El Universal, septiembre 1999
En nuestra cultura la mención del ‘canibalismo’ provoca un reflejo condicionado de horror, mientras ‘comunión’ inspira respeto cuando no veneración, aunque todos saben que la segunda es una versión simbólica del primero. Hoy en día han aumentado los usos metafóricos del concepto de antropofagia, como también el interés en la realidad física que los fundamenta y en la experiencia psicológica que la acompaña y une las dimensiones. Parece que creíamos y seguimos creyendo que engullendo la carne de otro ser humano hacemos nuestro también lo que hay de valor en él. Los muchachos del famoso accidente aéreo en los Andes, que fueron obligados a comer carne de sus compañeros para no morir de hambre, sintieron que algo de su ser iba a sobrevivir en ellos.

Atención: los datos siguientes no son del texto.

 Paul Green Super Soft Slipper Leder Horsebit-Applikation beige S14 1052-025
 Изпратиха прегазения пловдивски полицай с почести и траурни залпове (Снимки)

Por regla general, los seres humanos han sido caníbales no por hambre y necesidad sino por razones que podemos llamar religiosas. Cuenta Sir James George Frazer en un capítulo de El Ramo Dorado que se llama ‘Magia homeopática de una dieta carnívora’ y a propósito de los ritos de iniciación de las tribus de las montañas de África sudeste: «cuando muere un enemigo que se ha destacado por su valentía, su hígado, que se considera la sede del valor; sus orejas que se suponen ser la sede de la inteligencia; la piel de su frente, que se aprecia como la sede de la perseverancia; sus testículos que se estiman ser la sede de la fuerza; y otros miembros que se ven como sede de otras virtudes; se amputan de su cuerpo y se asan hasta carbonizarlos. Las cenizas se conservan cuidadosamente en un cuerno de toro, y durante las ceremonias que se observan en el momento de la circuncisión, se mezclan con otros ingredientes para hacer una especie de pasta, que los sacerdotes tribales suministran a los jóvenes. De esta manera, se cree que la fuerza, valor, inteligencia u otros virtudes del caído, se transmiten a quienes lo comen.» Muchas tribus de África, Australia y las Américas comían el corazón del enemigo vencido, sea sangriento o pulverizado, para adquirir valor; y en otros lugares las partes preferidas eran las manos y los pies, los sesos o las tripas, o se bebía la sangre.
Según Frazer (y otros) la gente adquiría también los poderes de sus dioses, comiéndolos en la forma simbólica de sacrificios humanos, los cuales luego fueron sustituidos en otro paso hacia la abstracción por sustancias de la naturaleza. El cuerpo de Dionisio se consumía en la forma de trigo y el vino era su sangre que se bebía.
Hace no mucho tiempo, según Jacqueline Clarac de Briceño, los campesinos andinos tomaban el caldo en el cual se había cocido para momificarlo el cuerpo de un ‘angelito’, un niño muerto en la pureza de la tierna infancia, en un rito que en su origen habría representado sacrificio y comunión.
Se habla de antropofagia además en contextos que no son religiosos; sirve por ejemplo como metáfora por los procesos de la traducción. En este contexto, el traductor brasileño Haroldo de Campos, según la crítico Else Vieira, «presenta el canibalismo como una ruptura con la verdad monológica (colonial) y al mismo tiempo una forma de alimento» o transfusión de la sangre de una cultura a otra. El lado negativo de esta imagen la muestra Laura Anderson en su obra Epítome o modo fácil de aprender el idioma Náhuatl, serie de mazorcas hechas con cera y dientes humanos, donde según Axel Stein «Cada diente extirpado significa una palabra muerta».
A nivel de imagen la antropofagia como experiencia es positiva más a menudo para el que come que para el comido. Esto se refleja en expresiones como «mi padre me va a comer vivo» o «esa mujer es una devoradora de hombres». Sin embargo, una persona que vive una gran pasión puede sentirse ingerida por la pareja y celebrar el hecho.
La devoción mística abarca a veces estados análogos. Nammalvar, poeta tamil del siglo IX, juega en términos antropófagos – entre otros relacionados – con altos estados de entrega y fusión con Krishna: (según la traducción en inglés de A.K.Ramanujan) «Mi señor oscuro/ se para allí como si nada ha cambiado/ luego de tomar enteros/ entre sus fauces/ los tres mundos/ los dioses/ y los buenos reyes/ quienes protegen sus tierras/ como lo hace una madre/ con el niño en su vientre/ y yo/ con su permiso/ lo he tomado entero a él/ y lo tengo en la barriga/ para siempre».